Ces phrases, qui sonnent comme un appel à la réhabilitation d’un héros incompris, sont révélatrices à plus d’un titre malgré les torsions que l’interprétation qu’en donne Nejib Chebbi fait subir à la réalité. Il y avait effectivement deux lignes au lendemain de la chute de Ben Ali. La première s’inscrivait dans la voie tracée dès avant le départ du dictateur par certaines sphères de l’ancien régime et quelques leaders de l’opposition parmi les plus importants. Elle aurait pris forme, semble-t-il, autour du 10 janvier 2011. Ce projet qui a finalement débouché sur le premier gouvernement Ghanouchi était de sauver les fondements du système politique quitte à sacrifier Ben Ali. Il s’agissait d’étouffer l’ébullition révolutionnaire par la cooptation de dirigeants de l’opposition et quelques réformes démocratiques au niveau des institutions. La seconde ligne, née du processus révolutionnaire lui-même, envisageait d’aller beaucoup plus loin et, dans cette perspective, l’abrogation de la Constitution de 1959 et l’élection d’une assemblée constituante avait pour sens premier la réalisation du mot d’ordre de la révolution : « Le peuple veut la chute du régime ». Nejib Chebbi, il le rappelle dans sa tribune, appuyait la première orientation. Qu’il s’en vante aujourd’hui n’a que peu d’importance. Par contre ce qu’il reconnaît implicitement dans son texte, c’est que la proposition de révision constitutionnelle réactive le projet qui a conduit au gouvernement Ghanouchi.
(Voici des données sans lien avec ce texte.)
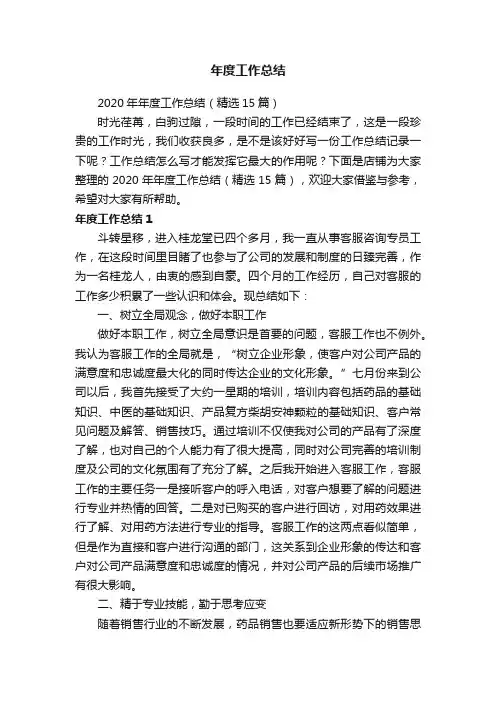 年度工作总结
Autrement dit, dans la continuité de l’élection de Béji Caïd Essebsi, du retour au pouvoir des anciens RCD-istes et de la puissance retrouvée du ministère de l’Intérieur, elle représenterait un pas supplémentaire en arrière. Dans le contexte politique tunisien, le renforcement des pouvoirs du président de la République ne serait rien d’autre qu’un moyen de plus pour marginaliser les mécanismes de représentation qu’a pu conquérir la révolution.

Je ne sais pas ce qui se trame dans les coulisses du pouvoir. Il paraît que ça castagne fort. Mais je ne sais ni qui fait des bisous à qui, ni qui fait des croche-pattes à qui. Et, comme je ne tiens pas à rendre mon déjeuner de midi, je préfère n’en rien savoir. J’ignore par conséquent pourquoi Nejib Chebbi a cru bon de publier cette tribune. Je doute que ce soit uniquement pour apporter son soutien à une révision constitutionnelle dont je ne pense pas qu’il puisse encore avoir la vanité d’en être rapidement le bénéficiaire. Dans sa trubune, il met bien plutôt en garde contre l’illusion de résoudre la crise politique par le seul moyen d’un renforcement des prérogatives présidentielle.

La question est politique, écrit-il en conclusion, et à moins de reconstituer une majorité présidentielle au parlement, la paralysie du système risque de se prolonger et d’ajouter une cause supplémentaire aux causes de la crise grave que connaît le pays.
 Le Président peut-il encore reconstituer sa majorité et rééquilibrer le paysage politique ? Le respect de la volonté populaire telle qu’exprimée lors du dernier scrutin et l’intérêt supérieur du pays exigent que l’on y aide.

Comment interpréter ce paragraphe sinon comme une offre de service ? ça y ressemble, en tout cas. Nejib Chebbi ne voulait pas de la révolution ; il est normal qu’il cherche son avenir politique dans le passé, c’est-à-dire avant Kasbah II.